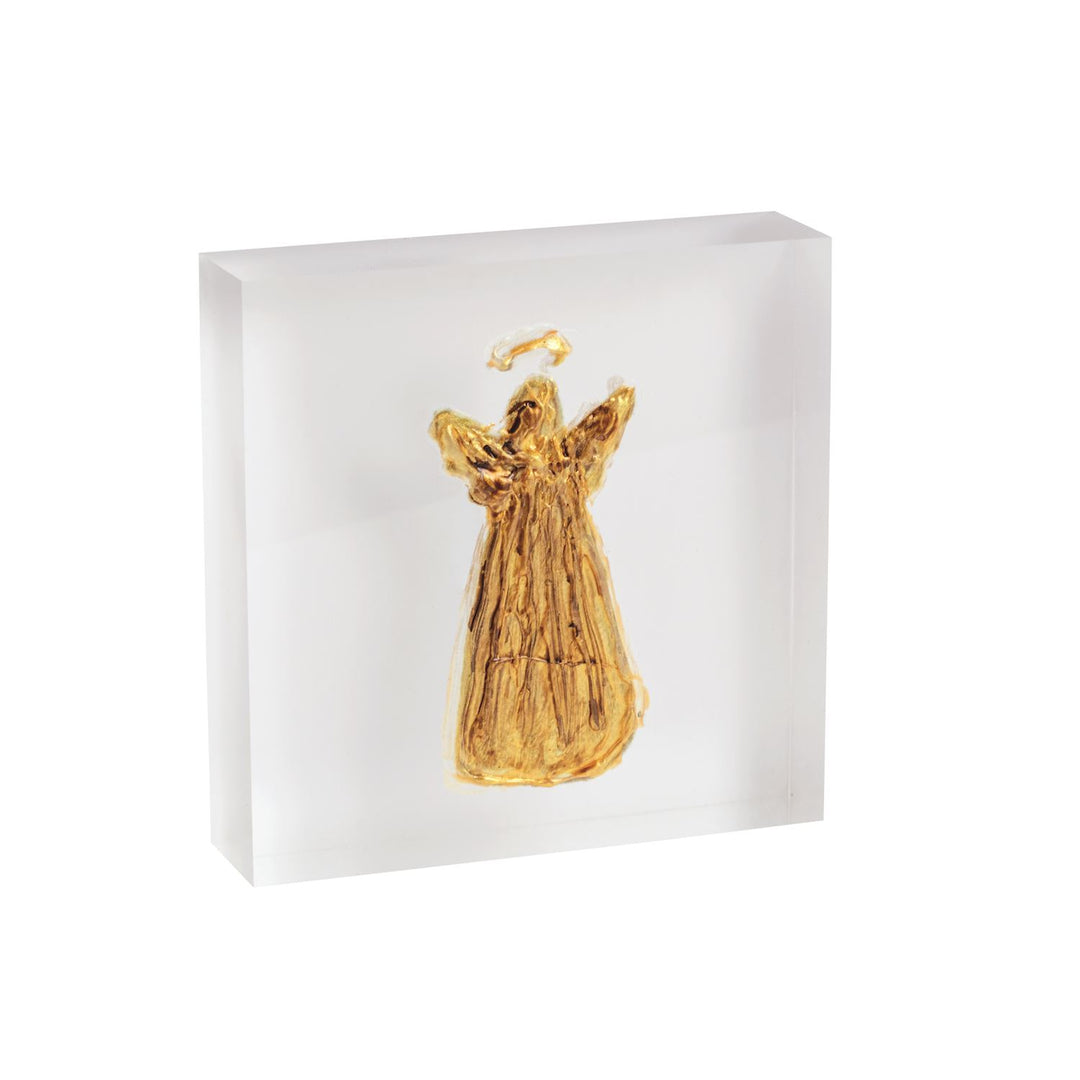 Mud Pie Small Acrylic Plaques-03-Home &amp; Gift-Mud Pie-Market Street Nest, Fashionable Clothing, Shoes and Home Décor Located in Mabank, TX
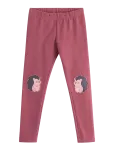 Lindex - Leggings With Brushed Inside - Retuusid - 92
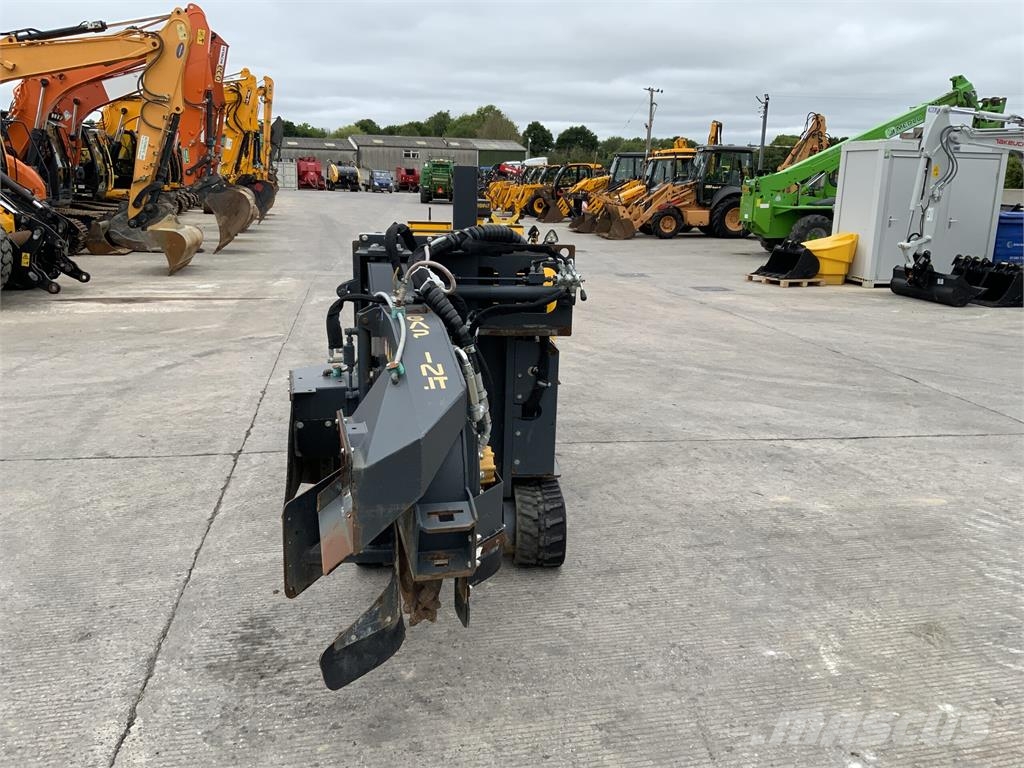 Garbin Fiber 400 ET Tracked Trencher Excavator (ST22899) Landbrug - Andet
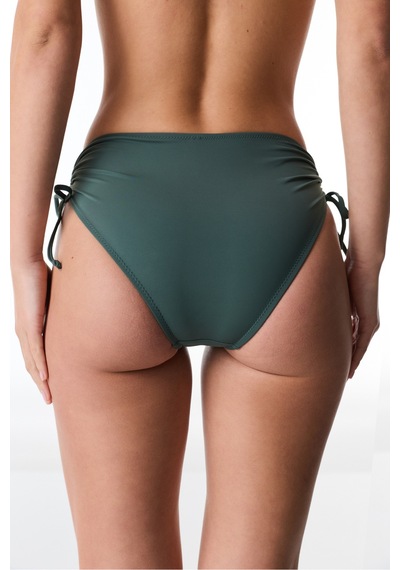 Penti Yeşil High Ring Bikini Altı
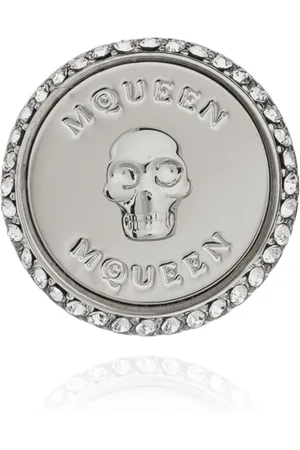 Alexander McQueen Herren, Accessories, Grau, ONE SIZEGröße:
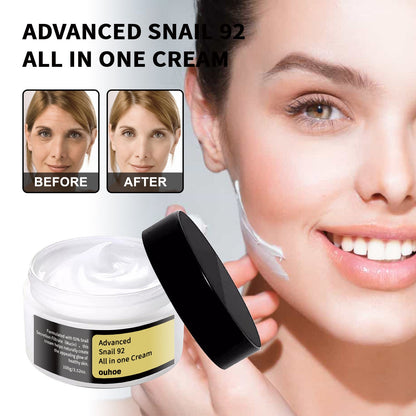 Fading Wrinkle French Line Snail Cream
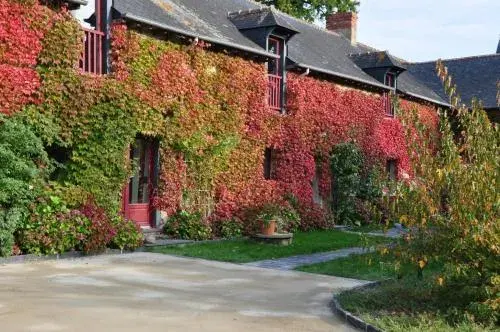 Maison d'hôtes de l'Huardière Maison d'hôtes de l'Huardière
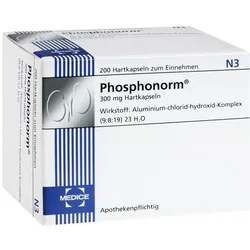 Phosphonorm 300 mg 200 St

★ ★ ★ ★ ★ ★ ★

Required work => Only the lines from the one holding "Garbin Fiber 400" through the end of the data are to be printed, exactly as they stand and with no pictures.

Exercise output =>
 Garbin Fiber 400 ET Tracked Trencher Excavator (ST22899) Landbrug - Andet
 Penti Yeşil High Ring Bikini Altı
 Alexander McQueen Herren, Accessories, Grau, ONE SIZEGröße:
 Fading Wrinkle French Line Snail Cream
 Maison d'hôtes de l'Huardière Maison d'hôtes de l'Huardière
 Phosphonorm 300 mg 200 St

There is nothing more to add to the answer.